Quarterback Lamar Jackson also missed the first 10 days of camp after testing positive for the coronavirus, and minor injuries waylaid starting receivers Sammy Watkins and Brown throughout August.
Just hours before he went down in practice, Peters was upbeat and reflective as he talked about his appreciation for the Ravens’ culture and his optimism for the season ahead. He said he was happy to see the offense surrounding Jackson with “the right pieces around him.”
“We lost J.K. — it’s going to hurt us — but Gus is going to be able to pick it back up,” he said. “We’re going to get on the bus, and we’re going to ride it.”
Now the Ravens will have to find a replacement for both. Edwards, one of the NFL’s most efficient runners since he emerged as an undrafted rookie three years ago, signed a two-year, $10 million extension through 2023 in June that gave the Ravens one of the NFL’s most talented backfields.
With Dobbins tearing his ACL in the team’s preseason finale last month, and Hill his Achilles tendon five days later, Ty’Son Williams is now atop the depth chart. Williams, who tore his ACL at BYU in 2019, spent most of his rookie season last year on the practice squad and does not have an NFL carry. Dobbins and Edwards combined last season for 278, finishing with 1,528 rushing yards (5.5 per attempt).
Behind Williams are three running backs who weren’t even on the team days ago. Trenton Cannon, a special teams contributor throughout his career, joined the 53-man roster Wednesday. Le’Veon Bell, a three-time All-Pro who has struggled to recover his old form in recent seasons with the New York Jets and Kansas City Chiefs, signed with the practice squad Wednesday. And Devonta Freeman, a two-time Pro Bowl selection whom the New Orleans Saints released last month, reportedly signed with the practice squad Thursday.

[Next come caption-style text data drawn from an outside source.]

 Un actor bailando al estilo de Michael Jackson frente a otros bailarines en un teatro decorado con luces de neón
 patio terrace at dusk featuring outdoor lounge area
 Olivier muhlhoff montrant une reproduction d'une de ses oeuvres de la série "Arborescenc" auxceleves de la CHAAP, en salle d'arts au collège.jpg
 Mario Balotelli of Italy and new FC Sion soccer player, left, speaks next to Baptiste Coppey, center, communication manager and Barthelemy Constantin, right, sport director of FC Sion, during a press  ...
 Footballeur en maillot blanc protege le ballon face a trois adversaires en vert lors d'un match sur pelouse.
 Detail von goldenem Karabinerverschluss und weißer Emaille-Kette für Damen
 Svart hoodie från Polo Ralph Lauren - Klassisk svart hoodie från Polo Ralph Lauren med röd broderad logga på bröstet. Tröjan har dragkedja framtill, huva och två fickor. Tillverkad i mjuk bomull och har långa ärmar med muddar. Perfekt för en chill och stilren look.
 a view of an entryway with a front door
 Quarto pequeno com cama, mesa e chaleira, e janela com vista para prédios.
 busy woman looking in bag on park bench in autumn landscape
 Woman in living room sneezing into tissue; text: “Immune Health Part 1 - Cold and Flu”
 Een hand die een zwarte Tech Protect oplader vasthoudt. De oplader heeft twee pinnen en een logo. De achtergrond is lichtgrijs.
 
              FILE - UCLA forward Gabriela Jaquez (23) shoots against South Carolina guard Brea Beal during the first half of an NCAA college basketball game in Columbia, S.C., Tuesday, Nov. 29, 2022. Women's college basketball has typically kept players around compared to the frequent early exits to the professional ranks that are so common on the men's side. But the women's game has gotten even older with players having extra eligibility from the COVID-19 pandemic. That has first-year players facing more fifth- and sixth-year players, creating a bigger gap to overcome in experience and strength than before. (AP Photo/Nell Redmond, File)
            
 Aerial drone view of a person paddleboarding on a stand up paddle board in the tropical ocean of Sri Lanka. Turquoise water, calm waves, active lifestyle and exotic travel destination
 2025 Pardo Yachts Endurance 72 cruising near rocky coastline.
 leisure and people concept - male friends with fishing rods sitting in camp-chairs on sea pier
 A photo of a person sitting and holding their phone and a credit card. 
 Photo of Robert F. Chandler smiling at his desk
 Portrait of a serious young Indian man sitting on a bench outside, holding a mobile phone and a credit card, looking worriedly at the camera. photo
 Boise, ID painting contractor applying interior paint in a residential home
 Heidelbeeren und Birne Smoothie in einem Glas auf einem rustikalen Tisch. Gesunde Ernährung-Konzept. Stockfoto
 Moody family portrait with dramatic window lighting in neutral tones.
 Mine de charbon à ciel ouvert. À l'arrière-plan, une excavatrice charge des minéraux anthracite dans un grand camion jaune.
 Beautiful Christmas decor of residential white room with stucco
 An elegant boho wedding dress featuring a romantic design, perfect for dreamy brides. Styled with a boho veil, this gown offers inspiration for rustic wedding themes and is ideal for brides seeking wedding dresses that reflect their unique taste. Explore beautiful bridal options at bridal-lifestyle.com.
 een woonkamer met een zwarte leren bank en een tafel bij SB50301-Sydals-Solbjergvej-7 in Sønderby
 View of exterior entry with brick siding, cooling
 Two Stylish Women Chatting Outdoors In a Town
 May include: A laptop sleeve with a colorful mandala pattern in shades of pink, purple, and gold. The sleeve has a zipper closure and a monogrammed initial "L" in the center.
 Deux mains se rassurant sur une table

Peters, meanwhile, was among the Ravens’ most irreplaceable players. He’s missed just two games since arriving in an October 2019 trade from the Los Angeles Rams. He was named first-team All-Pro that season, when he had a combined five interceptions and two defensive touchdowns. Last year, he had a career-high four forced fumbles and four interceptions. Since he entered the league in 2015, he leads the NFL in interceptions (31) and is second in passes defended (86).
With Peters out, the Ravens will likely turn to Anthony Averett opposite starter Marlon Humphrey at outside cornerback. The secondary is a strength of the team; defensive coordinator Don “Wink” Martindale said last month that Averett, who’s in the final year of his rookie contract, has “All-Pro talent.” Jimmy Smith, who’s recovering from a sprained ankle, was one of the NFL’s highest-rated cornerbacks last year before injuries struck in November. Chris Westry, who fits the team’s mold of big, physical cornerbacks, was a training camp standout.
Coach John Harbaugh is scheduled to speak to reporters Friday. When The Baltimore Sun asked team president Dick Cass this week about the Ravens’ rash of camp injuries, he said the franchise would examine them in the coming weeks and make changes for 2022 “if needed.”
“I think the one thing that hurt us this year was not having a full spring training,” he said. “We didn’t have as many veterans as we usually do in the spring partly because of the COVID-19 restrictions and the decisions individual players made. I think that may have had an impact. That’s something we will look at as well.”
The Ravens have just two days of practice to prepare for Las Vegas with maybe their two greatest strengths compromised. Under Jackson and coordinator Greg Roman, their offense has turned into one of the most dominant rushing attacks in NFL history. Now injuries at the running back position could reveal just how far Jackson’s legs — or the threat of them — can power the team’s ground game.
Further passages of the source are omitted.